File headers with comments are not elegant, but they worked. Because they told you the **why**.

And that's the point.

But it's not enforced. Sometimes a dev feels changes are so minuscule, why bother adding to the log. Or they may add the wrong name. And at times it becomes so cluttered that half the screen is littered with modification logs.

## Link ticket numbers to commit messages

Here's a simple way to bring that clarity to your Git workflow: link one or more ticket numbers with a commit message and you can say goodbye to manually maintaining change logs.

But you may forget to include the ticket number in a commit message, or some devs do it while others don't.

## Enforce it with a commit-msg hook

To enforce this, use a `commit-msg` hook to enforce a ticket pattern — like `PROJ-1234`.

Create a folder `.githooks`, and create a file in it called `commit-msg`:

```sh
#!/bin/sh
PATTERN="PROJ-[0-9]{3,6}" # replace the value with your REGEX here
grep -Eq "$PATTERN" "$1" || {
  echo "Commit must include a ticket ID like PROJ-1234"
  exit 1
}
```

Change the regex pattern and message, give it permission to be executed, and point Git to the folder:

```sh
chmod +x .githooks/commit-msg
git config core.hooksPath .githooks
```

Now every commit can be traced.
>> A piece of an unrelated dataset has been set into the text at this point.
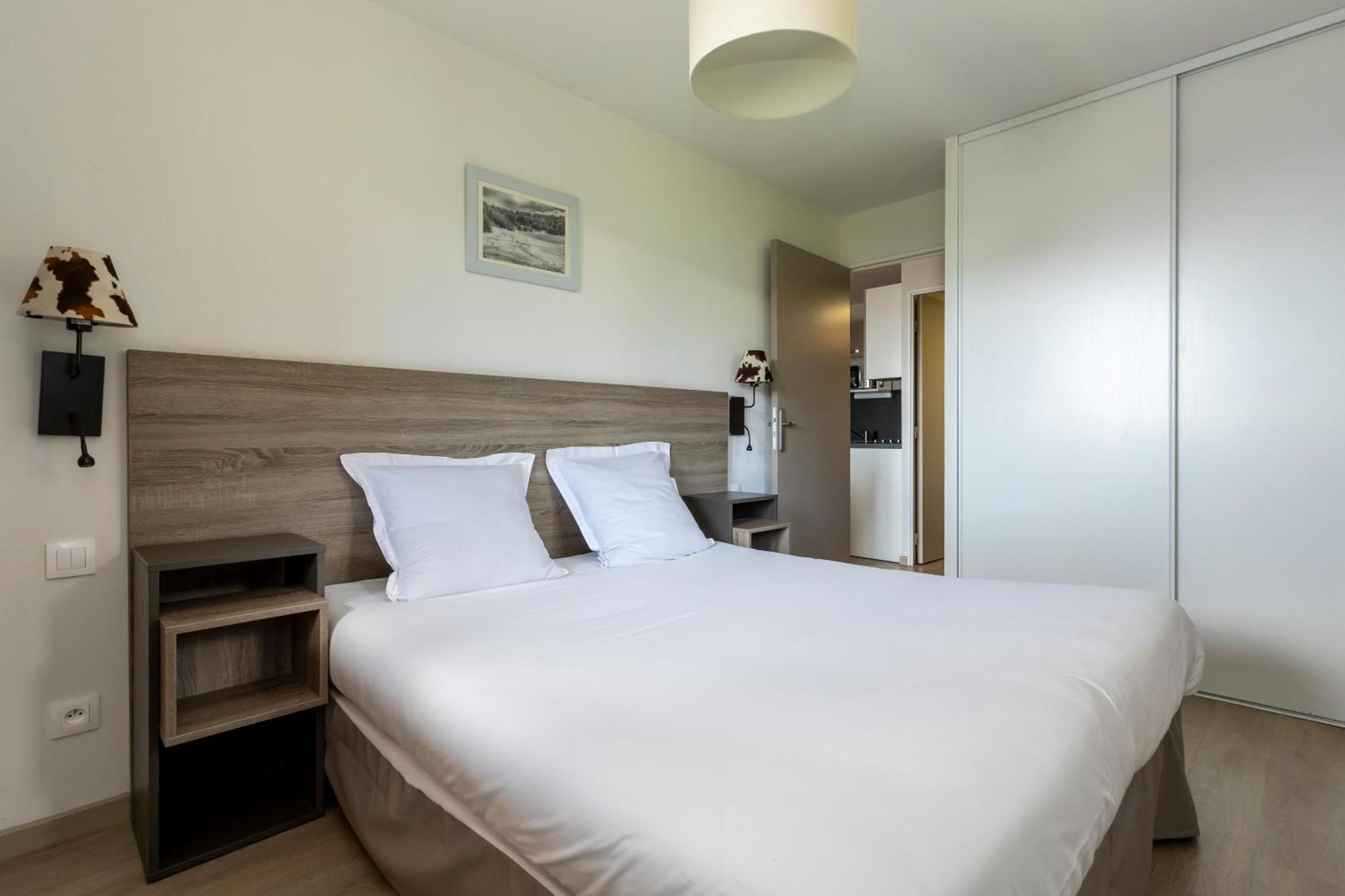 One-Bedroom Apartment,1773926518:JPEG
You can link tickets. You can cherry-pick with confidence. You can answer the one question that matters:

> **"Why did this change happen?"**

## Query the history

Any time you need the history, simply run:

```sh
git log --follow --pretty=format:"%ad | %an | %h | %s" --date=iso path/to/your/file
```

This returns something like the following, in reverse chronological order (most recent first):

```
2025-06-01 23:55:24 +0530 | Shivansh | 32e5265 | bugfix for PROJ-7321
2024-04-06 23:56:48 +0530 | Vishal   | 4bf3b8c | Development for PROJ-5678
2023-04-05 00:00:10 +0530 | Shivansh | 54deb19 | Initial Development for PROJ-2345
```

## A note for Salesforce developers

If you're a Salesforce developer like me and use the `sf project generate` command to create a new project (or use the VS Code extension), you may have Husky installed. Husky does a pre-commit hook to format files, so you can store your hooks in the `.husky` folder instead.